**Data records**

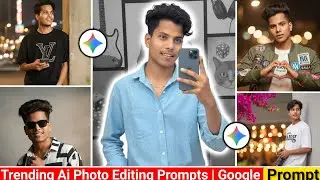 Trending Ai Photo Editing Prompts | Google Gemini Al Boy's Trending Al Prompt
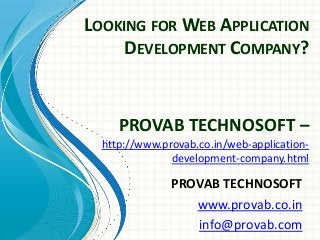 LOOKING FOR WEB APPLICATION
DEVELOPMENT COMPANY?
PROVAB TECHNOSOFT
www.provab.co.in
info@provab.com
PROVAB TECHNOSOFT –
http://www.provab.co.in/web-application-
development-company.html
 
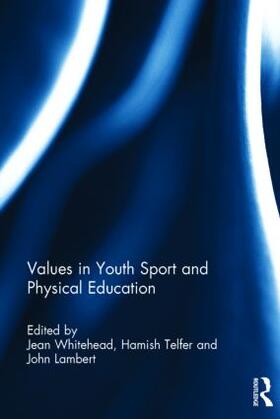 Values in Youth Sport and Physical Education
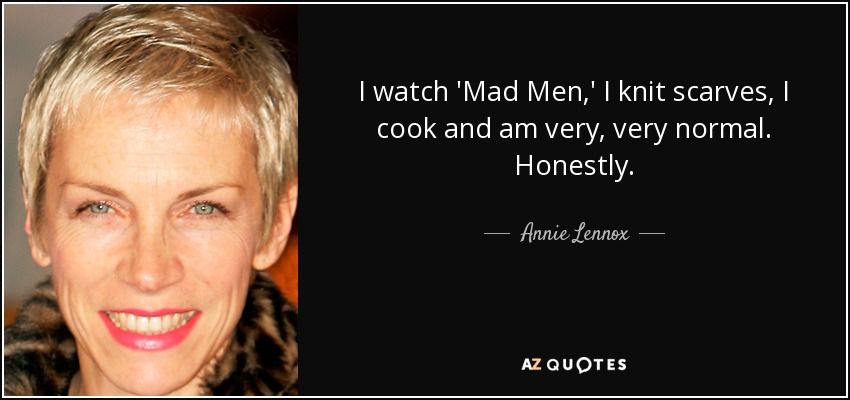 I watch 'Mad Men,' I knit scarves, I cook and am very, very normal. Honestly. - Annie Lennox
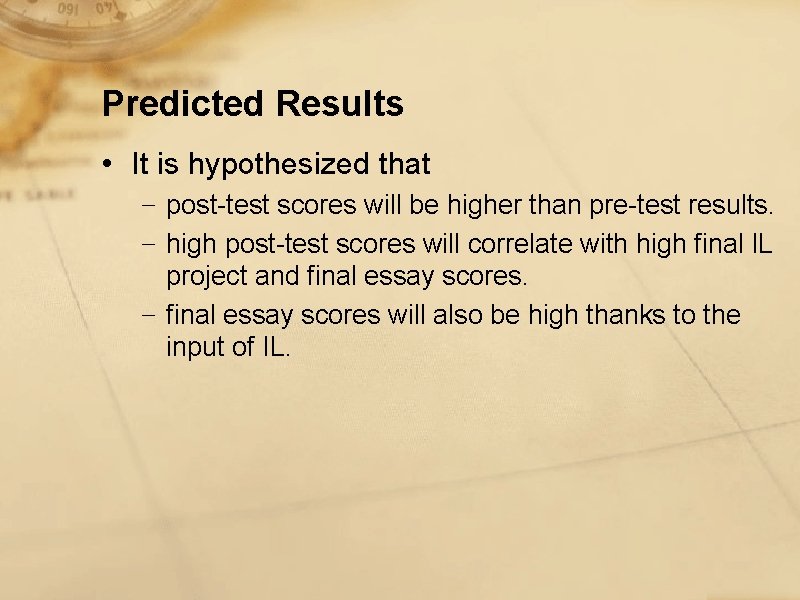 Predicted Results • It is hypothesized that − post-test scores will be higher than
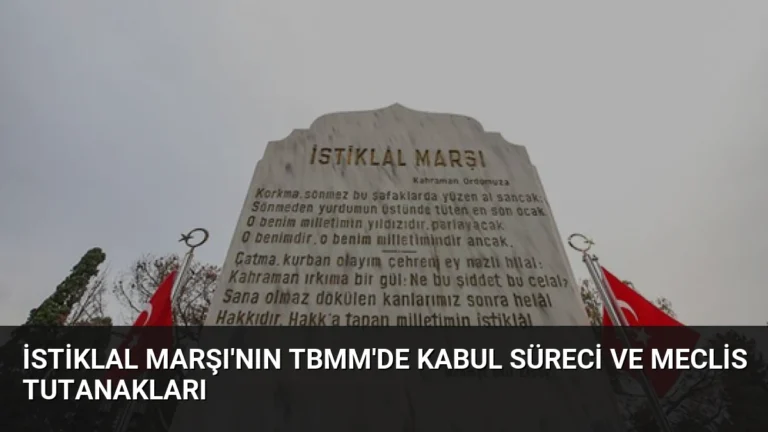 İstiklal Marşı’nın TBMM’de Kabul Süreci ve Meclis Tutanakları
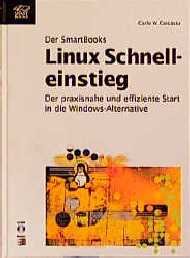 ISBN 9783908489924: Der Smart Books. Linux Schnelleinstieg. Der praxisnahe und effiziente Start in die Windows-Alternative.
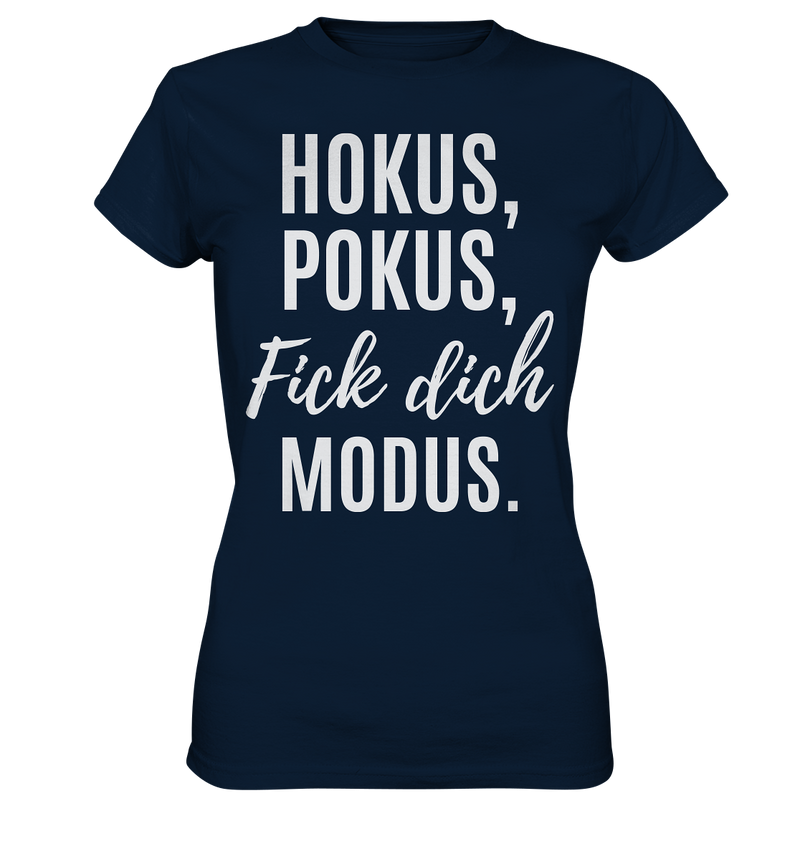 Hokus Pokus Fick dich Modus - Ladies Premium Shirt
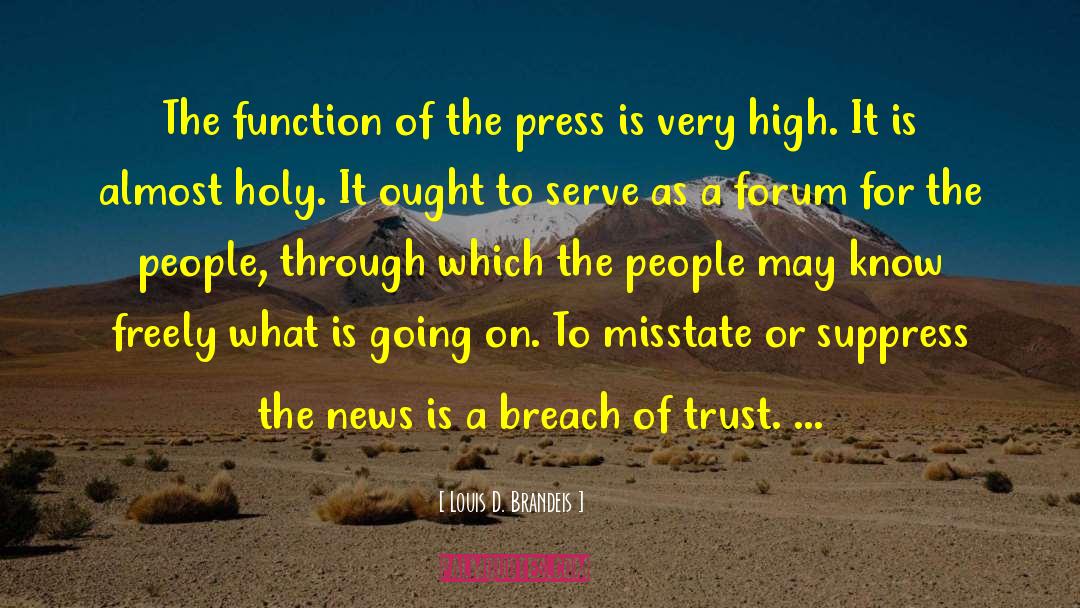 Louis D. Brandeis Quotes: The function of the press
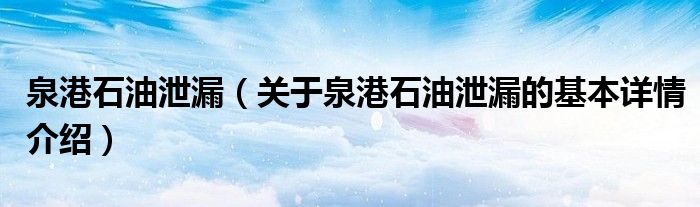 泉港石油泄漏（关于泉港石油泄漏的基本详情介绍）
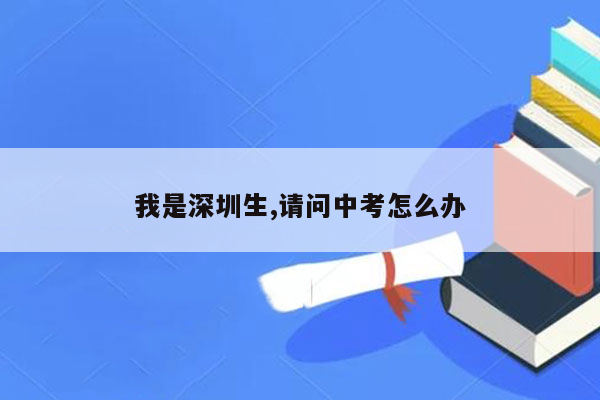 我是深圳生,请问中考怎么办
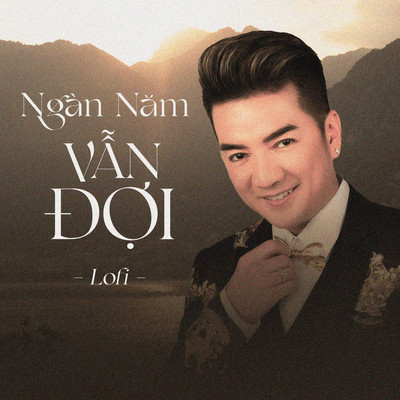 シングル/Ngan Nam Van Doi (lofi)/Dam Vinh Hung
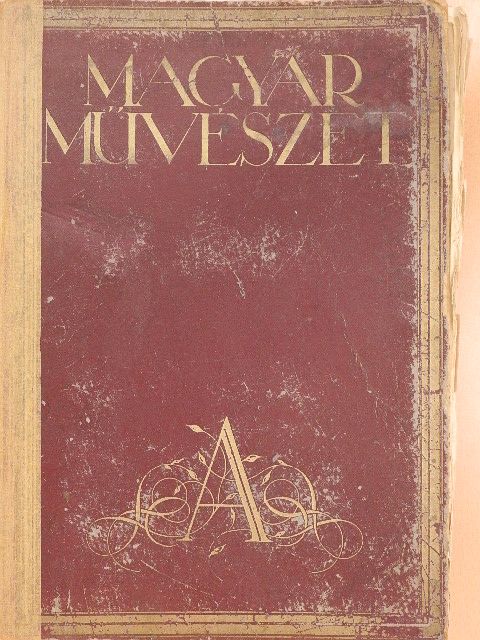 Aba-Novák Vilmos - Magyar Művészet 1931/1-10. (rossz állapotú) [antikvár]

**Work required**
Print the material verbatim; drop the pictures.

**Result for this exercise**
 Trending Ai Photo Editing Prompts | Google Gemini Al Boy's Trending Al Prompt
 LOOKING FOR WEB APPLICATION
DEVELOPMENT COMPANY?
PROVAB TECHNOSOFT
www.provab.co.in
info@provab.com
PROVAB TECHNOSOFT –
http://www.provab.co.in/web-application-
development-company.html
 
 Values in Youth Sport and Physical Education
 I watch 'Mad Men,' I knit scarves, I cook and am very, very normal. Honestly. - Annie Lennox
 Predicted Results • It is hypothesized that − post-test scores will be higher than
 İstiklal Marşı’nın TBMM’de Kabul Süreci ve Meclis Tutanakları
 ISBN 9783908489924: Der Smart Books. Linux Schnelleinstieg. Der praxisnahe und effiziente Start in die Windows-Alternative.
 Hokus Pokus Fick dich Modus - Ladies Premium Shirt
 Louis D. Brandeis Quotes: The function of the press
 泉港石油泄漏（关于泉港石油泄漏的基本详情介绍）
 我是深圳生,请问中考怎么办
 シングル/Ngan Nam Van Doi (lofi)/Dam Vinh Hung
 Aba-Novák Vilmos - Magyar Művészet 1931/1-10. (rossz állapotú) [antikvár]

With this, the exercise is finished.